**YOUR GOAL:** Within the data that follows, how many lines carry the string "storage"? Give the number alone.

**EXTRACTED RECORDS:**

[Start of Attachment]

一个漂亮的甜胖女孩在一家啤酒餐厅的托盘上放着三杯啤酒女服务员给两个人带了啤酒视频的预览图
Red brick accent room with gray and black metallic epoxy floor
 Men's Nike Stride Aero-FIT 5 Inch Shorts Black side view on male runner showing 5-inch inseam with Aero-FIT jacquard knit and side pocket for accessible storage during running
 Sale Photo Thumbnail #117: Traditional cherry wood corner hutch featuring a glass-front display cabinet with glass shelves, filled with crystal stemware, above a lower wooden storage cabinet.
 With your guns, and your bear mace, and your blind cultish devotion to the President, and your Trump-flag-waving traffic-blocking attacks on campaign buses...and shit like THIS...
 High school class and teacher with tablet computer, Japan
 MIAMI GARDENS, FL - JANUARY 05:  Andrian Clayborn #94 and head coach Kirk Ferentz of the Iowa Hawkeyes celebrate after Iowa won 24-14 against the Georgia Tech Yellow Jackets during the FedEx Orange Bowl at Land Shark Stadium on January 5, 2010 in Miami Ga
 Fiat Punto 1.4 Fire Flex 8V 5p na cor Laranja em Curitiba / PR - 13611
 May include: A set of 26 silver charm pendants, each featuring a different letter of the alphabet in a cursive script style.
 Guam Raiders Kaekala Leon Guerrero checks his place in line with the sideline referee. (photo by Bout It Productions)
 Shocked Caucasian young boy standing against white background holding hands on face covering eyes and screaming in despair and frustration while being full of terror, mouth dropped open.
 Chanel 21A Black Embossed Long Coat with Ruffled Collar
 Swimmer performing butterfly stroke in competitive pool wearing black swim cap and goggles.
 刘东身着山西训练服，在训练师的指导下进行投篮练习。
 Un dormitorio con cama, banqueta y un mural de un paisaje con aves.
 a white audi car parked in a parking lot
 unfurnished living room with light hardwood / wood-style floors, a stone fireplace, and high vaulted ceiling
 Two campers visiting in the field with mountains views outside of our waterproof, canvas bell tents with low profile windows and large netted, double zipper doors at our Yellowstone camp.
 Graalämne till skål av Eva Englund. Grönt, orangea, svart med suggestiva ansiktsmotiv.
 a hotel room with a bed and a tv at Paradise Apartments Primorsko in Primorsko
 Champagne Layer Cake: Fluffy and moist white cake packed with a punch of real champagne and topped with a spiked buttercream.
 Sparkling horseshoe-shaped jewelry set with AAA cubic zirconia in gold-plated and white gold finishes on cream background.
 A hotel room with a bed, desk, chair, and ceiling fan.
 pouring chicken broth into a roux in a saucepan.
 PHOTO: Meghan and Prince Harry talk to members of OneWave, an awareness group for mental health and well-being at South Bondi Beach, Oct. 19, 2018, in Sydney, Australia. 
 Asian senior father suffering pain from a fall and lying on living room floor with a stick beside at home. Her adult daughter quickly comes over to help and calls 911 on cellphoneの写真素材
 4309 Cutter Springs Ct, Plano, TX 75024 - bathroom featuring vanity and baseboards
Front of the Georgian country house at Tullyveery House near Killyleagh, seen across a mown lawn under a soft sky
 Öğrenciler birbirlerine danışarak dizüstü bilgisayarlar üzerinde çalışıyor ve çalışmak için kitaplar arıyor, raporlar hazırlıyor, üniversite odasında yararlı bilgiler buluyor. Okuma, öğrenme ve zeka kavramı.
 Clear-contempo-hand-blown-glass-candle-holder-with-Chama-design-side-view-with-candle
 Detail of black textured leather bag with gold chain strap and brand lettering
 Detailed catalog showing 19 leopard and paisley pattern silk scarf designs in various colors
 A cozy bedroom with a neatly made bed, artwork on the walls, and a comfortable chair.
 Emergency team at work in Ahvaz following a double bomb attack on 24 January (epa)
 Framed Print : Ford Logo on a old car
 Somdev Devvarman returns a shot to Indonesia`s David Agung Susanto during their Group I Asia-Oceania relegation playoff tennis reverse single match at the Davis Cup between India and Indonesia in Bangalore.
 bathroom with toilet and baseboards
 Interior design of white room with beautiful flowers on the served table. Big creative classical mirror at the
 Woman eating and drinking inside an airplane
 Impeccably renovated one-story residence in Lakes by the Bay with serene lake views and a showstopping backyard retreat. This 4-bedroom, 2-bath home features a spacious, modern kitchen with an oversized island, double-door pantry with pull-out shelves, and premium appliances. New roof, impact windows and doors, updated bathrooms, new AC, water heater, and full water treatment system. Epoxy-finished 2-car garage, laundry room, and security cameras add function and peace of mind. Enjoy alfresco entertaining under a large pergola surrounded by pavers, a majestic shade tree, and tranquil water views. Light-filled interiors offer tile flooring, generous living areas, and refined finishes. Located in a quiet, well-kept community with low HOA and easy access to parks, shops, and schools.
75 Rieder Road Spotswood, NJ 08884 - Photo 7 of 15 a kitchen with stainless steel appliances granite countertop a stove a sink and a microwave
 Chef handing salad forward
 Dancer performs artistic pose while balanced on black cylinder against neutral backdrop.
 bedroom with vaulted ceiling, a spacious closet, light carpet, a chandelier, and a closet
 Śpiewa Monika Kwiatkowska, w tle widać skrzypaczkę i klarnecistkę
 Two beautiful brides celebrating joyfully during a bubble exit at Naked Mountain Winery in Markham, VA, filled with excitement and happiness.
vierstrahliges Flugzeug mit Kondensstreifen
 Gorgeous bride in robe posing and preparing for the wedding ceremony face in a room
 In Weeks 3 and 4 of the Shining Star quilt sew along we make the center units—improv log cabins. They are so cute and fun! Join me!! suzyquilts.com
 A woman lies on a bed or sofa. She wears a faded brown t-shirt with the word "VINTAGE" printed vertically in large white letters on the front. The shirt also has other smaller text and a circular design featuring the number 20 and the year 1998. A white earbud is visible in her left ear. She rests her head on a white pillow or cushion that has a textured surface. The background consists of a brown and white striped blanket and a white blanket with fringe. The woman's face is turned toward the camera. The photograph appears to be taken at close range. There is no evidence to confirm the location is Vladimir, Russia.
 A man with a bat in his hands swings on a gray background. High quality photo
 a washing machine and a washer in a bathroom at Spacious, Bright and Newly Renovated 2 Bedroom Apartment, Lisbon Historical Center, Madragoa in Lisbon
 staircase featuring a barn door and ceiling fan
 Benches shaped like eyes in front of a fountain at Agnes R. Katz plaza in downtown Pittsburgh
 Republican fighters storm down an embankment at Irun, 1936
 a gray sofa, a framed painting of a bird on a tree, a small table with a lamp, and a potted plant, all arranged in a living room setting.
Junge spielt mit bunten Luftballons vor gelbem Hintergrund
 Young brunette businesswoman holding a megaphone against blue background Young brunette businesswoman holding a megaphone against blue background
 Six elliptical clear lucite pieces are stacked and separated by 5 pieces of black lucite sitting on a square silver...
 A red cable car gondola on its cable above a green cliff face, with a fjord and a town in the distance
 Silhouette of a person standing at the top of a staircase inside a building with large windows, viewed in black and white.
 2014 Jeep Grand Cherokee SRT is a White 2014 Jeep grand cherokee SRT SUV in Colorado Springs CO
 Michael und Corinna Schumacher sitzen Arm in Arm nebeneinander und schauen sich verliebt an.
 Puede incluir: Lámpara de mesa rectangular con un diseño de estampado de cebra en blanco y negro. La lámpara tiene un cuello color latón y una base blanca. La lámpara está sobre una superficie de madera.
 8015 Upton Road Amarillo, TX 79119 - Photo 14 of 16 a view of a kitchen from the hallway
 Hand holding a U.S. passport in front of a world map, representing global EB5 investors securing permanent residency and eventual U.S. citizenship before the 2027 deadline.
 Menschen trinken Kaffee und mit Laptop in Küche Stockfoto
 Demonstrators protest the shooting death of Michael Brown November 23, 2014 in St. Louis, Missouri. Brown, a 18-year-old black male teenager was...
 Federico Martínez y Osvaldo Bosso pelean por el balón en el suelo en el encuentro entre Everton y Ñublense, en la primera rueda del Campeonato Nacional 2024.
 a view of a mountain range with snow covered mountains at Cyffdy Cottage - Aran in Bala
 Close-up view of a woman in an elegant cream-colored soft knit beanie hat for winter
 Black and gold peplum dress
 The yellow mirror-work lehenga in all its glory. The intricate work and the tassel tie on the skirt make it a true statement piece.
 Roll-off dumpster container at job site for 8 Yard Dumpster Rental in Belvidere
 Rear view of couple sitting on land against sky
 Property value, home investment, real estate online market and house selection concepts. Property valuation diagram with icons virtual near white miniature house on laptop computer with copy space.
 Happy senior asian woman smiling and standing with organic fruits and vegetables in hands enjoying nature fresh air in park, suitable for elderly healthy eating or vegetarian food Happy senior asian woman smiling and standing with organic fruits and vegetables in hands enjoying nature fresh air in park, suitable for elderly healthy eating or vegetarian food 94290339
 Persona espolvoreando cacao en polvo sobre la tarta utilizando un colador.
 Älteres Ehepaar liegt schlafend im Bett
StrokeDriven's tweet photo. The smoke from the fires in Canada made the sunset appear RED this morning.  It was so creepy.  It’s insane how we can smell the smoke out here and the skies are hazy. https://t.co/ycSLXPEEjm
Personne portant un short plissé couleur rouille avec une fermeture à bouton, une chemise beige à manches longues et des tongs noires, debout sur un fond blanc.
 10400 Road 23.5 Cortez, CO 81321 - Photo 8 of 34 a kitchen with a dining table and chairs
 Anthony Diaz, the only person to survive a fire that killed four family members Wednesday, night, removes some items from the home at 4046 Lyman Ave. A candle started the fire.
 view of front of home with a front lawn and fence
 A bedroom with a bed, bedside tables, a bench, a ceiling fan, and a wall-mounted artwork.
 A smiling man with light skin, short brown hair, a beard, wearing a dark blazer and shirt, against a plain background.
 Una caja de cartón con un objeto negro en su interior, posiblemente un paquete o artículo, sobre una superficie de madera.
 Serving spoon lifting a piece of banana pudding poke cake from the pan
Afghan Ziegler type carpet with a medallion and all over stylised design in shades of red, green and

[End of Attachment]

**EXERCISE SOLUTION:** 2